If you’ve never tried these before, you’re in for a treat! Snow pea leaves are a really tasty vegetable, sort of like a cross between spinach and peas; think spinach-like, but with a sweeter flavor (and without that iron-y residue that spinach has). The prep work takes a bit of time, but after that, these tender leaves cook in no time. The preparation method for these greens is very similar to that of my go-to easy bok choy stir-fry; however, this recipe uses more garlic (because who doesn’t love garlic?), and a bit more oil (to prevent the snow pea leaves from scorching on the bottom of the wok- which they can do pretty easily).
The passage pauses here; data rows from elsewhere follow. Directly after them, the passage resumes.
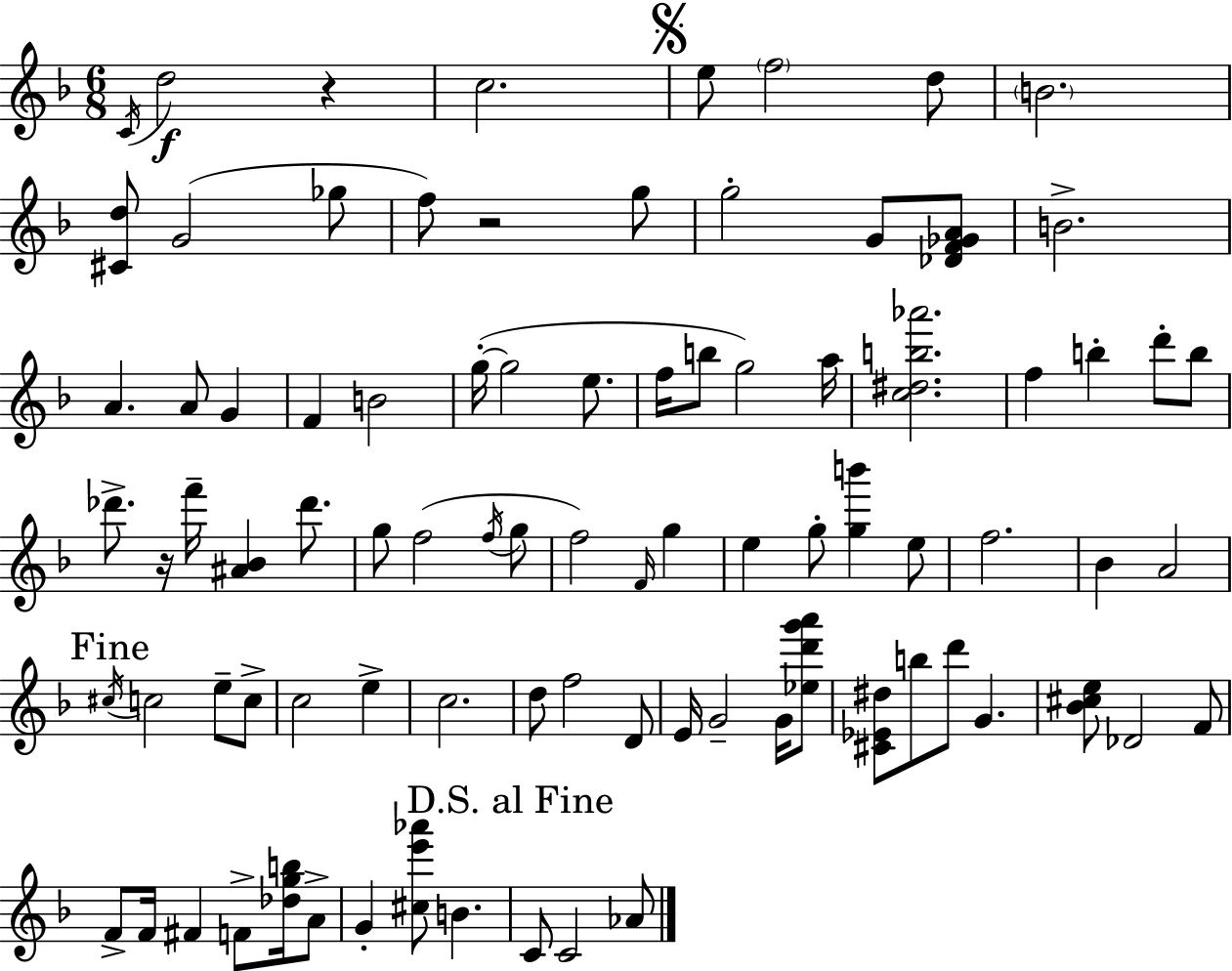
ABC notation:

X:1
T:Untitled
M:6/8
L:1/4
K:F
C/4 d2 z c2 e/2 f2 d/2 B2 [^Cd]/2 G2 _g/2 f/2 z2 g/2 g2 G/2 [_DF_GA]/2 B2 A A/2 G F B2 g/4 g2 e/2 f/4 b/2 g2 a/4 [c^db_a']2 f b d'/2 b/2 _d'/2 z/4 f'/4 [^A_B] _d'/2 g/2 f2 f/4 g/2 f2 F/4 g e g/2 [gb'] e/2 f2 _B A2 ^c/4 c2 e/2 c/2 c2 e c2 d/2 f2 D/2 E/4 G2 G/4 [_ed'g'a']/2 [^C_E^d]/2 b/2 d'/2 G [_B^ce]/2 _D2 F/2 F/2 F/4 ^F F/2 [_dgb]/4 A/2 G [^ce'_a']/2 B C/2 C2 _A/2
You can use this same cooking method on a wide variety of other dark leafy greens too, such as bok choy, choy sum, Chinese broccoli, spinach, and watercress.
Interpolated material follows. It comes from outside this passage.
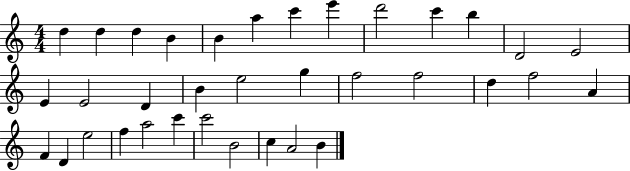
D5/q D5/q D5/q B4/q B4/q A5/q C6/q E6/q D6/h C6/q B5/q D4/h E4/h E4/q E4/h D4/q B4/q E5/h G5/q F5/h F5/h D5/q F5/h A4/q F4/q D4/q E5/h F5/q A5/h C6/q C6/h B4/h C5/q A4/h B4/q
This recipe makes 4 servings.


  • 1 pound snow pea leaves (about 450g, picked, thoroughly washed clean)
  • 3-4 tablespoons neutral flavored oil (such as canola, vegetable, or peanut oil)
  • 3-5 cloves garlic (finely chopped)
  • 1/2 teaspoon salt (or to taste)
  • 1/4 teaspoon white pepper
  • 1 teaspoon sesame oil


  • Make sure your pea leaves are thoroughly washed and picked through for tough stems.
  • Heat the oil in a large wok over high heat. Add the garlic and stir for a couple of seconds before adding the snow pea leaves.
  • Add the snow pea leaves, and stir-fry for 20 seconds, keeping the greens constantly moving. Add the salt, white pepper, and sesame oil. Continue stir-frying until the snow pea leaves are completely wilted but still vibrant green.
  • Serve immediately.

Cook’s Notes:

  • Snow pea leaves or “pea tips”–in Chinese, wān dòu miáo (豌豆苗) or simply dòu miáo (豆苗))–are the tender leaves of the snow pea plant. They’re sold pretty much year-around at many Asian grocery stores, but like anything else, best when they are in season (which happens to be fall and winter in much of the U.S.). If you’re lucky enough to find them, look for greens with short stems with thick leaves (leaves with skinny, long stems attached tend to be tough).
  • Most grocery stores here in the U.S. pre-wash their produce, so you may need to give the snow pea leaves a few rinses to remove any dirt (or potential pesticide residue). However, if your snow pea leaves have heavy soil or sand on them, soak them in a large bowl or other container of cold water for 1 to 2 hours, then wash thoroughly (2 to 3 times); agitate the leaves in the water with your hands, and/or use your faucet sprayer to get rid of all the dirt and sand clinging to the leaves and stems. Drain the water, and pick out any yellowed or wilted leaves, and remove any tough stems (they will snap away easily from the more tender portions of the stem). Some leaves may also have pea tendrils (which also tend to be tough), so pick those off too. Pat your greens dry (or use a salad spinner to spin the remaining water), and you’re ready to cook.